The same questions are crucial today: What if these election surveys are wrong? More questions: Do the opinions of only 2,400 people represent the whole opinion of around 67 million voters spread throughout the land? Who checks the validity of these surveys? How reliable are they? Does anyone inspect and verify the election survey and the raw data as bases for its conclusion? Does anyone know who paid for the survey?
As to the last question, Associate Justice of the Supreme Court Marvic Leonen in his decision in the case of Social Weather Station Inc. and Pulse Asia Inc. v Commission on Election [2015] GR No 208062, has resolved that all surveys published must be accompanied by all the information required in Republic Act No. 9006, or the Fair Election Act, including the NAMES OF COMMISSIONERS, PAYORS, AND SUBSCRIBERS (underscoring mine).
Do election survey results, when publicly published and grabbed headlines, shape the voters’ preference, hence, partaking of the nature of election propaganda?
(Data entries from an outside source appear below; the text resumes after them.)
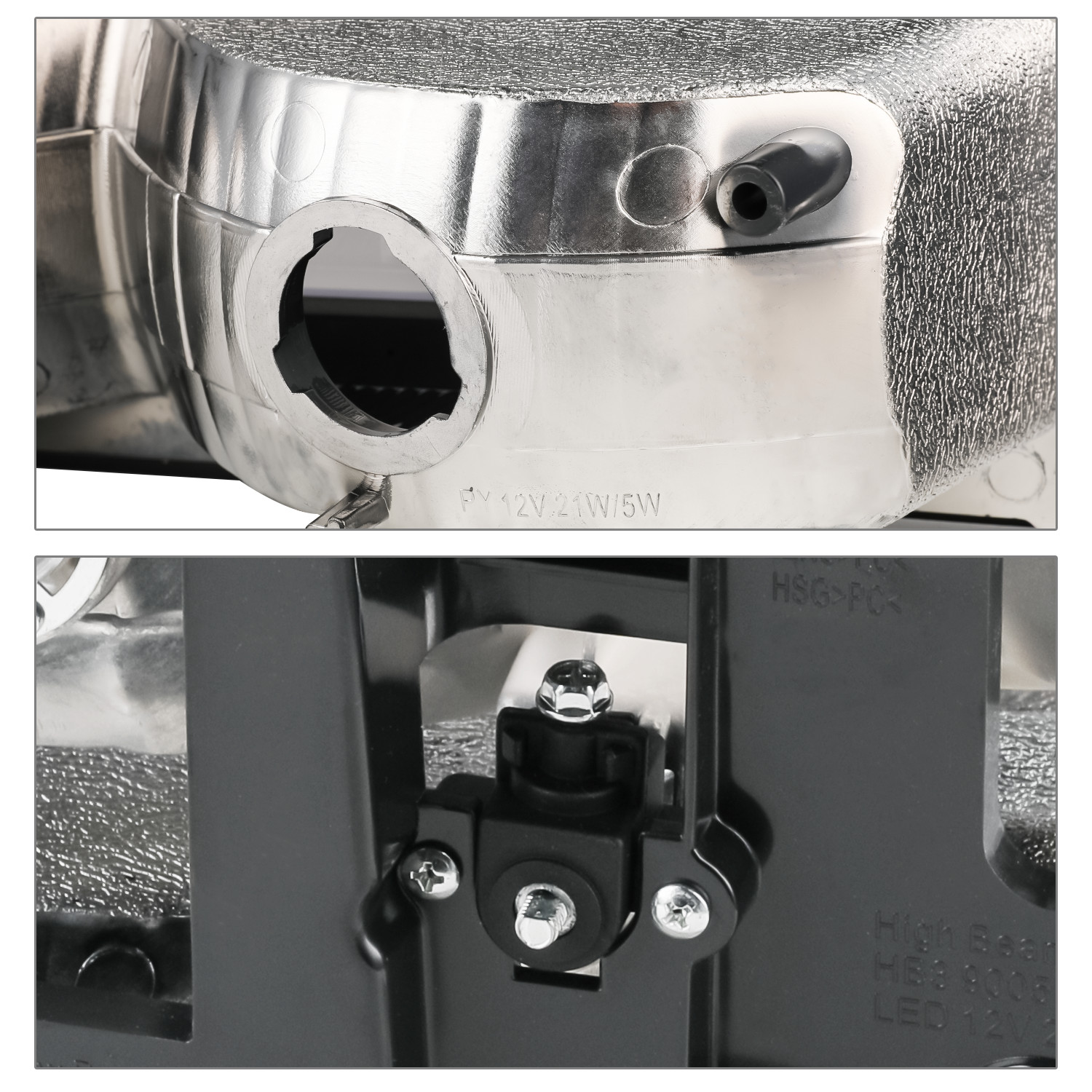 8PC[HEADLIGHT+BUMPER CORNER LAMP]Chrome Housing for 1994-2000 GMC C/K C10 Pickup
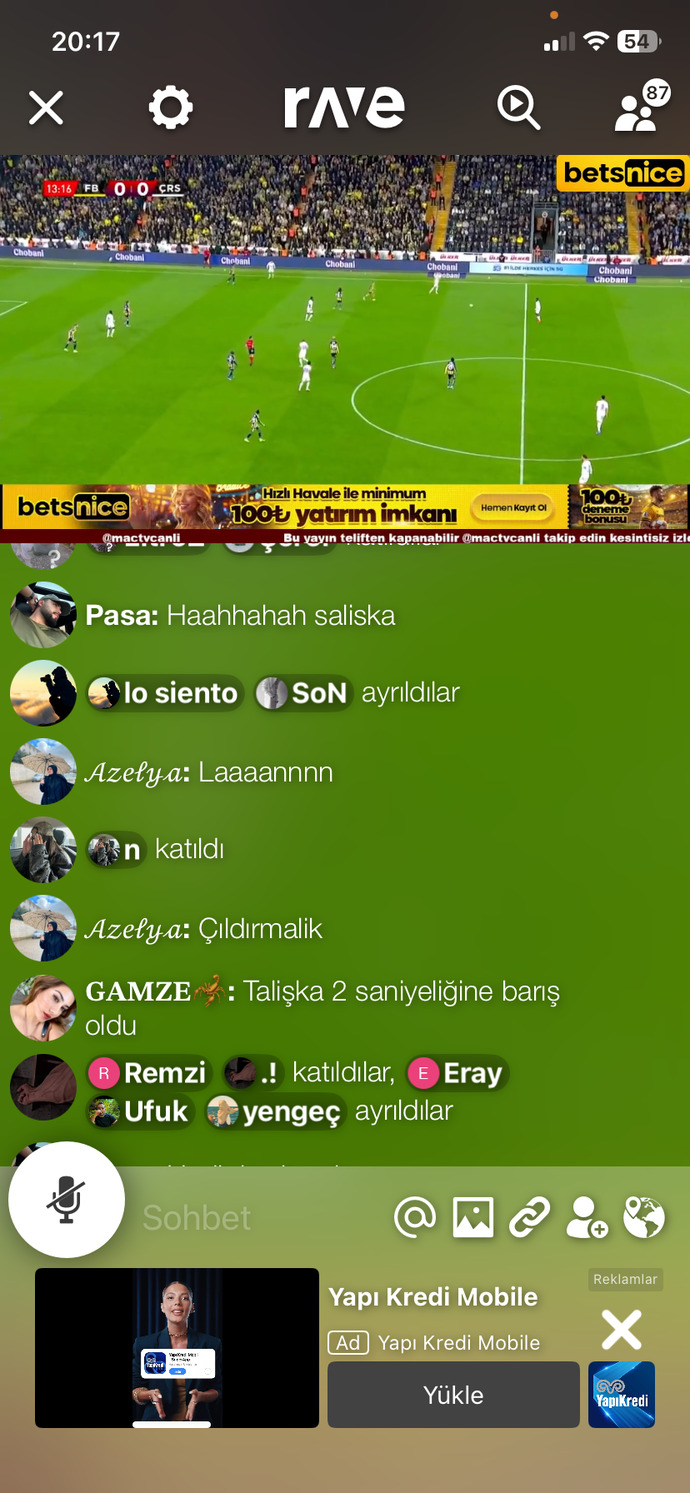 Maçı kimlerle izliyorsunuz 😘?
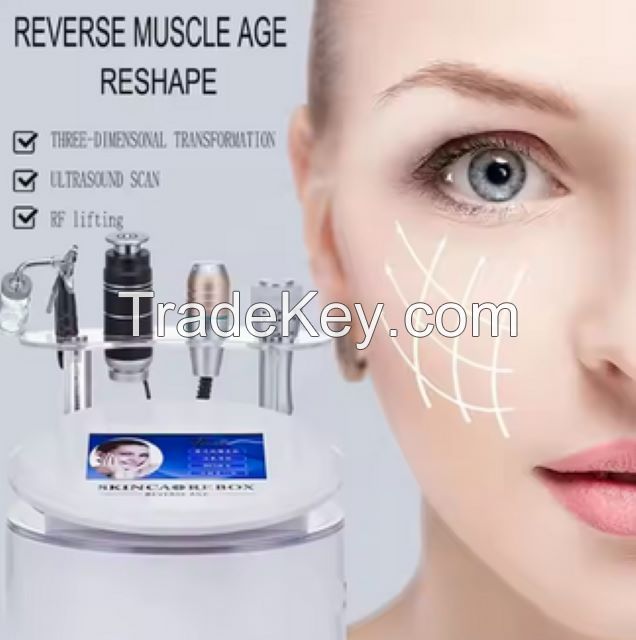 4 in 1 RF Eye Wrinkle Removal Machine V-Max Radar Line Carving Face Lifting Beauty Equipment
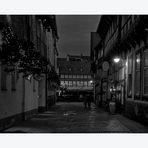Goslar- Stadt - Mitte " Blick von der Worthstrasse, auf dem Weihnachtsmarkt "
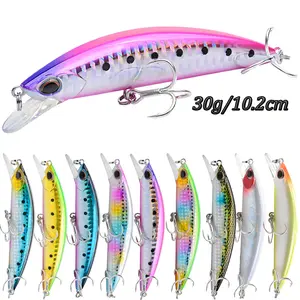 New Minnow Lure 30g/10.2cm Sinking Hard Bait Fishing Gear, Lead Block Far Casting, Bass and Crucian Carp Fishing Lure, Artificial Fishing Lure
Justice Leonen stressed:
“The inclusion of election surveys in the list of items regulated by the Fair Election Act is a recognition that election surveys are not a mere descriptive aggregation of data. Publishing surveys are a means to shape the preference of voters, inform the strategy of campaign machinery, and ultimately, affect the outcome of elections.
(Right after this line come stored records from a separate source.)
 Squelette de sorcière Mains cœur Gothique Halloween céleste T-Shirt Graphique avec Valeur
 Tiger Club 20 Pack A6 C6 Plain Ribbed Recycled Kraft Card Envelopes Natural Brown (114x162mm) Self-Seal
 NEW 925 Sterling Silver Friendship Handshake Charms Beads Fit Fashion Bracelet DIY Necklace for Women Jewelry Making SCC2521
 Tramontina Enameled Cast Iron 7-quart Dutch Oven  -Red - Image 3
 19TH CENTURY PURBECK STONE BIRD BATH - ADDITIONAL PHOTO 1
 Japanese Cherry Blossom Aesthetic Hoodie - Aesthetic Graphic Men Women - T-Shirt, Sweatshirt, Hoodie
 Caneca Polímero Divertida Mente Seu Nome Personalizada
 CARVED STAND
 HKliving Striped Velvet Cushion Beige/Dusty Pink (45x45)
“ELECTION SURVEYS HAVE A SIMILAR NATURE AS ELECTION PROPAGANDA (underscoring mine). They are expensive paid for by those interested in the outcome of elections, and have tremendous consequence on election results.”
Are election survey results accurate? I have two sources from which we may figure out an answer.
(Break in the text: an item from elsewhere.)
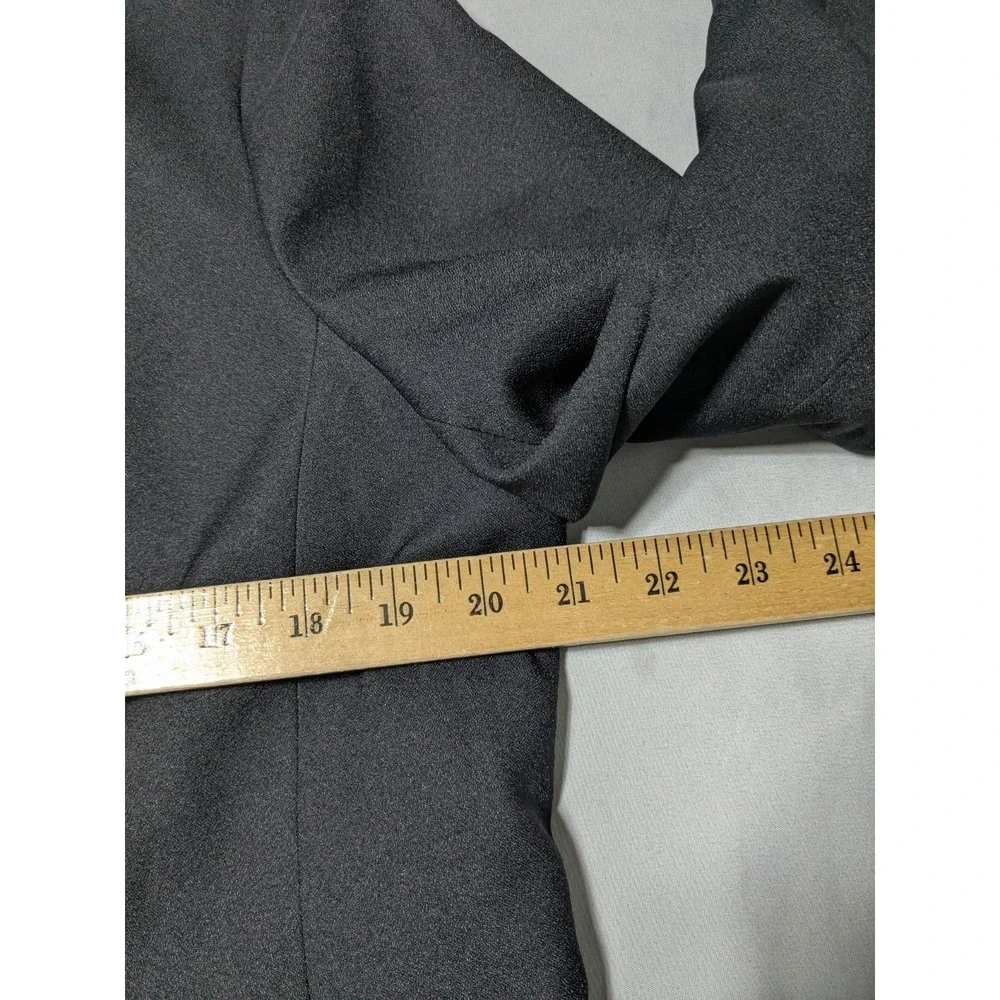 KASPER Women Size 14 Black Vanilla Ice One-Button Blazer‎ NEW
“Questions can be asked. Answers will be given and transformed into numbers. It’s seductive; it looks like science. But we now know that answers to questions about where people obtain their political information are so inaccurate as to be worthless.” (Mark Mellman, pollster and political consultant)
DIRTY LITTLE SECRET
“The dirty little secret of… survey is – they are largely junk science placing marketing objectives of telling and selling a good story, above the practical and ethical objective of telling the truth… Often statistical methods are misused, corrupting survey results while providing an air of scientific legitimacy…” (Excerpted from the article Surveys and Dirty Little Secret; Hidden Distortion, Bias Illusion of Scientific Validity)
In light of the polling and survey “black eye” worldwide, including the US 2016 & 2020 elections, uncompromising critics have propounded:
- polling or survey is irrevocably broken
- pollsters and polling purveyors should be ignored
In the US, Real Clear Politics, frequently cited by various media organizations, gets its average figure from the top 10 surveys among a horde of pollsters all over the US.
Here in PH, we put our whole eggs in one basket of a handful of kalye surveys. No wonder film director, screenwriter, and producer Darryl Yap conceded, “We are just stupid… I don’t care, I don’t get offended, I don’t get hurt, when people say, “O, nabudol ka.”